Microaggressions: Straightforward or Oblique?

Caroline Levine’s article on Americanah presents Ifemelu and Obinze as two characters who learn to defamiliarize themselves from the dishonest and hypocritical social (infra)structures around them. What I’m wondering about, though, is how our own reading practices of a novel like Americanah may prevent us from fully engaging with the de-familiarizing experiences of Ifemelu and Obinze, especially if we haven’t shared those experiences ourselves.

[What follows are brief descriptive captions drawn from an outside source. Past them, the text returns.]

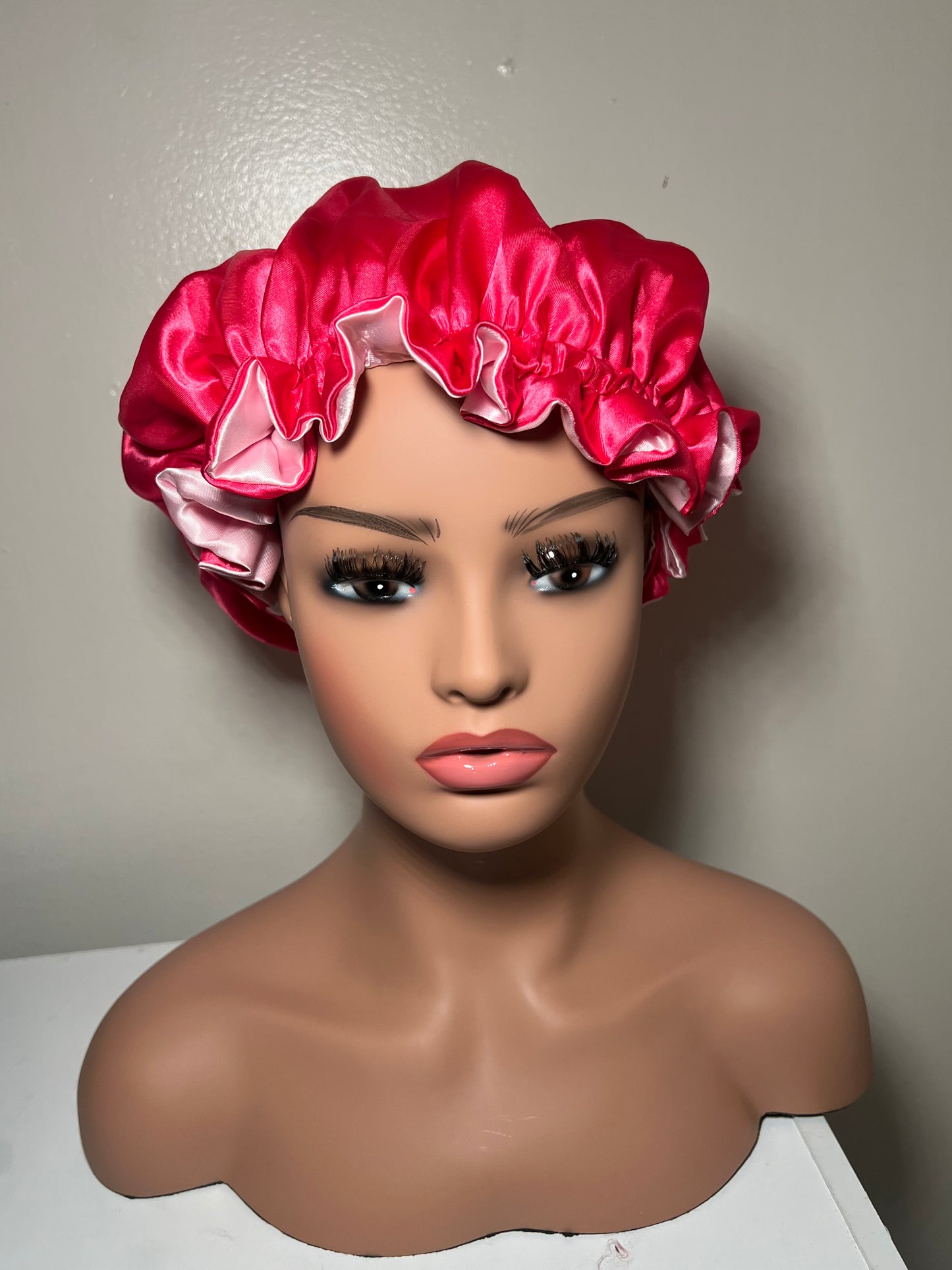 Pink bonnet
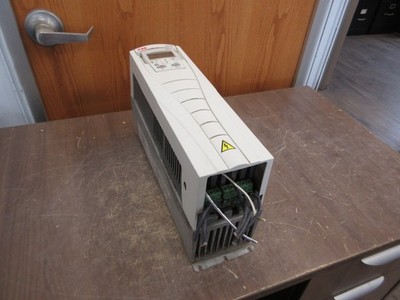 ABB ACH550 AC Drive ACH550-UH-023A-4 15HP 3Ph w/ Keypad Used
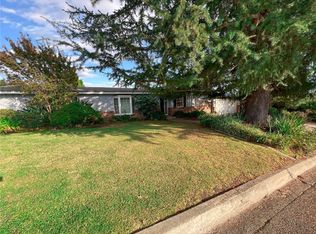 462 Crestvale Dr, Sierra Madre, CA 91024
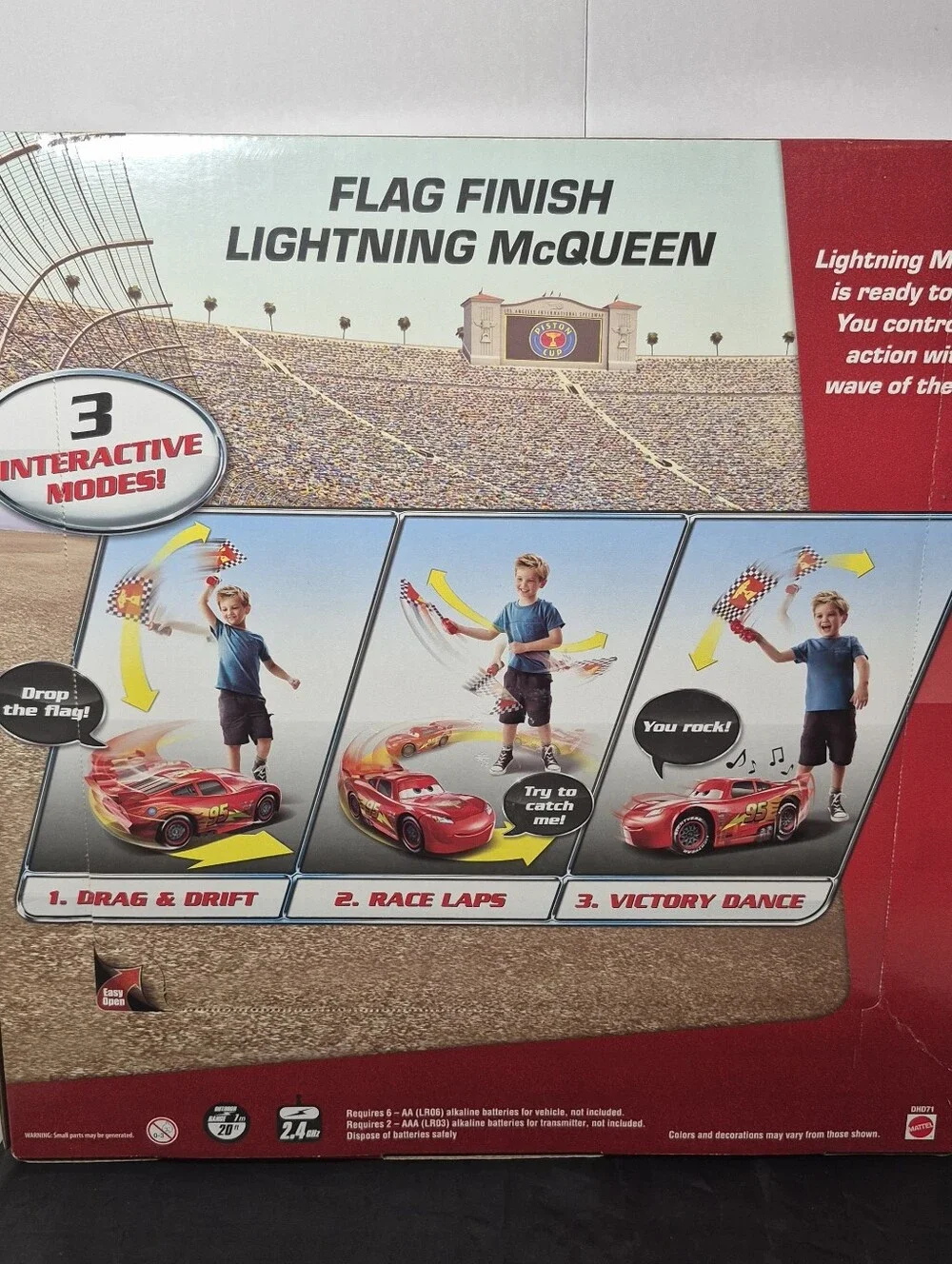 Mattel 2016 Cars Flag Finish Flash Lightning Mc Queen BRAND NEW
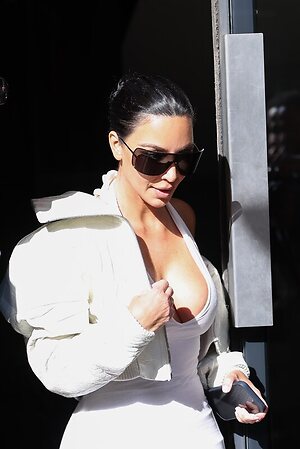 Kim Kardashian leaked photo #320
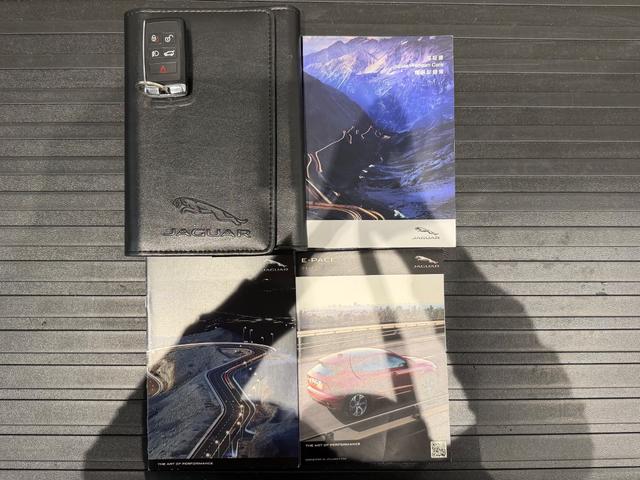 Eペイス ベースグレード D200 AppleCarPlay/シートヒーター/ACC/LEDヘッドライト/パワーバックドア/18インチAW/レーンキープアシスト(63枚目)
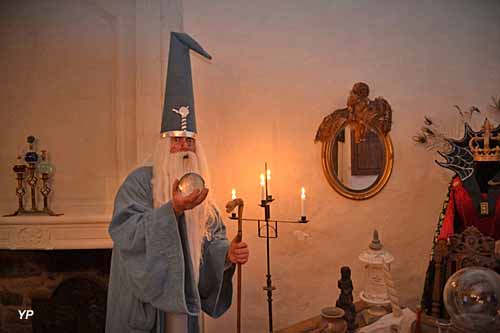 Manoir de Merlin - visite &agrave; la bougie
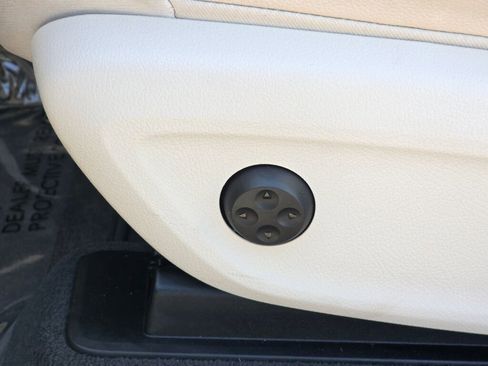 Used 2020 Mercedes-Benz GLE 350 4MATIC w/ Premium Package image 26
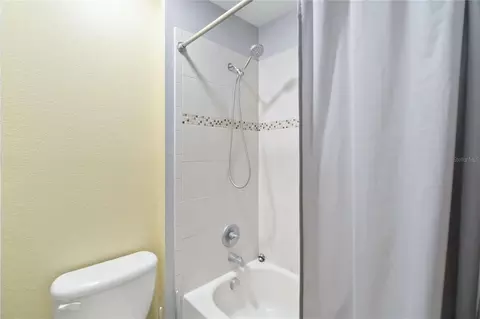Bath - 3622 Cape Ct, Saint Cloud, FL 34772 photo 4 of 6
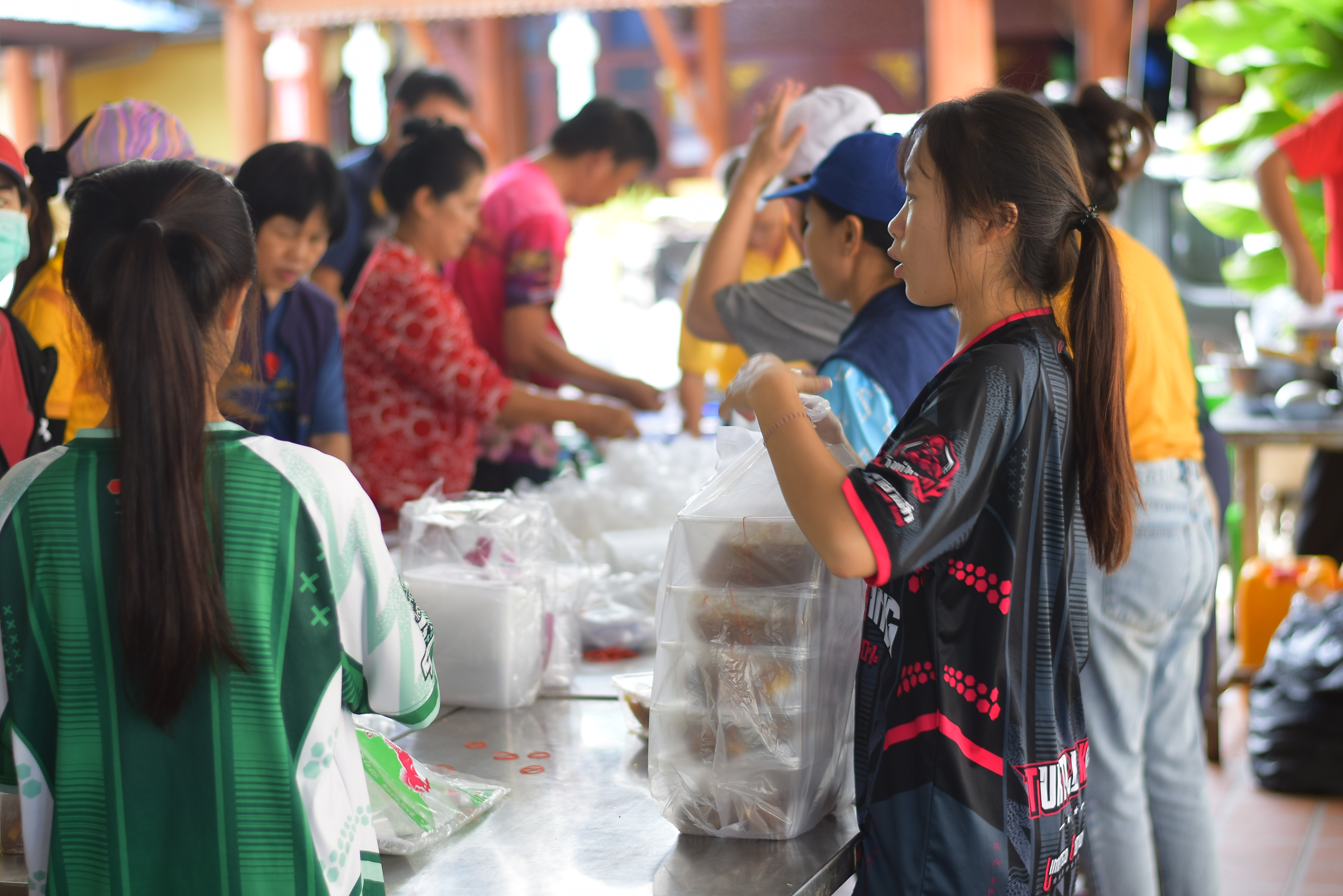 (#)สร้างสรรค์ชุมชน คนพช.น่าน(#) มูลนิธิอาสาเพื่อนพึ่ง(ภา)ยามยาก สภากาชาดไทย จัดโรงครัวช่วยเหลือผู้ประสบอุทกภัย โดยการประสานงานของสำนักงานพัฒนาชุมชนจังหวัดน่าน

In the first half of the book, Ifemelu experiences a number of disconcerting microaggressions in America. A white guy with dreadlocks tells her on the train that race no longer matters as a social issue; Ifemelu’s first roommates give her snide racialized comments about Africa; the carpet cleaner is hostile when he thinks Ifemelu is the owner of the house she’s babysitting at. In our previous class we talked about the perceived dubiousness or unreliability of microaggressions (i.e. the recipient of a microaggression casting doubt on their own perception), but the point of these racial incidents in Americanah seems to be that they are actually rather egregious: a liberal, reasonably socially aware reader of these passages is in some ways prompted to feel a kind of “shock” or at least a disapproval of what happened, seeing the incident ‘through Ifemelu’s eyes’ as opposed to the oblivious microaggressor. Might the white liberal reader who never experiences microaggressions be trained through this reading experience into a kind of defamiliarization? Or does this reader, in keeping with the unreliable perception of microaggressions, rather cast doubt on Ifemelu’s perception or on perhaps the reliability of the novel itself? I can see a situation where the reader thinks, “These microaggressions are so stereotypical that of course Adichie would put them all into the life of one person so that she can make her point; but we also think it is improbable for someone to experience this level or amount of microaggression within the given time span”).

This kind of reading casts doubt precisely on the “plain language” Adichie uses for her descriptions, associating straightforwardness with a “selectivity” of realist information that distributes attention and resources unequally, in line with Susan Stewart’s critique of realism (Levine, 4). I suppose the suspicion of microaggression could work in line with a Eurocentric modernist reading practice that eschews plain language but likewise fails to defamiliarize readers from deadening habits of ‘color-blind’ perception.

I do realize that I may be invoking this counter-reading without basis, but I also think it is worth bringing up because Adichie’s realism feels in some ways so familiar to us that, from the perspective of modernism, “stereotypes” like microaggressions abound, and as ‘modernist readers’ we are supposed to recognize this stereotypicality and either “make something new” from it (in the traditional modernist sense) or make a performance of it (a la Flarf and conceptual poetry, for example).